### [Exercise directions]
Search the data for the string "featuring" and copy each line where it turns up.

### [Provided information]

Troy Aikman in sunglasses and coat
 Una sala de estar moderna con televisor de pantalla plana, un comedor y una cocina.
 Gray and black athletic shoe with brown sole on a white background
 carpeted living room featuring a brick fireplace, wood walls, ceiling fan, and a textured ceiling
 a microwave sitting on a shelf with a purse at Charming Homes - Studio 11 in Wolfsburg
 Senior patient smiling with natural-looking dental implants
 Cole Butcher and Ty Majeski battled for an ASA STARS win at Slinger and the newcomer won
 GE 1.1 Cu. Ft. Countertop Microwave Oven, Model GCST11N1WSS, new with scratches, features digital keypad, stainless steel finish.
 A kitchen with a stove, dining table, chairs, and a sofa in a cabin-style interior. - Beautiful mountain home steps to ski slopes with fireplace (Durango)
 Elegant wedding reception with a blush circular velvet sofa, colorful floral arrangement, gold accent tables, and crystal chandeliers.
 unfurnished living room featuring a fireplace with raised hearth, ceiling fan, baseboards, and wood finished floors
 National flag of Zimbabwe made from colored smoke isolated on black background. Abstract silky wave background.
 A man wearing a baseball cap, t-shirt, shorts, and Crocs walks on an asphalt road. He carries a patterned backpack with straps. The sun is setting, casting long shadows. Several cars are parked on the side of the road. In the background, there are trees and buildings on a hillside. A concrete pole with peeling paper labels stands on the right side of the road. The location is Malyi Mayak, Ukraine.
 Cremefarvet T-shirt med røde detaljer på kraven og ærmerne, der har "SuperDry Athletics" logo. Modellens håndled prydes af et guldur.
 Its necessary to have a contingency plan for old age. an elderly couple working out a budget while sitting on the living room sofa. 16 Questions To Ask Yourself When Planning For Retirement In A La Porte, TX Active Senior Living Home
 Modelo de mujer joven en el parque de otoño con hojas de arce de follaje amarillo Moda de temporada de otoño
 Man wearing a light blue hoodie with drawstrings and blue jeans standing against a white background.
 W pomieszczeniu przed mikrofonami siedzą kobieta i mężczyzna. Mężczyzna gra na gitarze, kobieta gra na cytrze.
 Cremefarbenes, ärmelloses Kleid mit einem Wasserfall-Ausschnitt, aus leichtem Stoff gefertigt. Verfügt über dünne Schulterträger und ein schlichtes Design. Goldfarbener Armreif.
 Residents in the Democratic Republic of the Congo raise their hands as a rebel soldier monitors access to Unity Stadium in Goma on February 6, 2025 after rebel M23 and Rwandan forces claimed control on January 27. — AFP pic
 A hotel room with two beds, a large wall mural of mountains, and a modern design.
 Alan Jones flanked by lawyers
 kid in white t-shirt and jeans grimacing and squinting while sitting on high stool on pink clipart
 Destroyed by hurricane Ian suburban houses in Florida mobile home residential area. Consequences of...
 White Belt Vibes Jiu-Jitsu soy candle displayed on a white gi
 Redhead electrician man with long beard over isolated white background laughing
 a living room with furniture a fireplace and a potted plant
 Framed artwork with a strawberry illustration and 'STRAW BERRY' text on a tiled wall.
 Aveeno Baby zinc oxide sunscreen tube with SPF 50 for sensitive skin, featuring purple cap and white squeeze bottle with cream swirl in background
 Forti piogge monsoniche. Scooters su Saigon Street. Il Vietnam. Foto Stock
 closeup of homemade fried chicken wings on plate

### [Task answer]
 carpeted living room featuring a brick fireplace, wood walls, ceiling fan, and a textured ceiling
 unfurnished living room featuring a fireplace with raised hearth, ceiling fan, baseboards, and wood finished floors
 Aveeno Baby zinc oxide sunscreen tube with SPF 50 for sensitive skin, featuring purple cap and white squeeze bottle with cream swirl in background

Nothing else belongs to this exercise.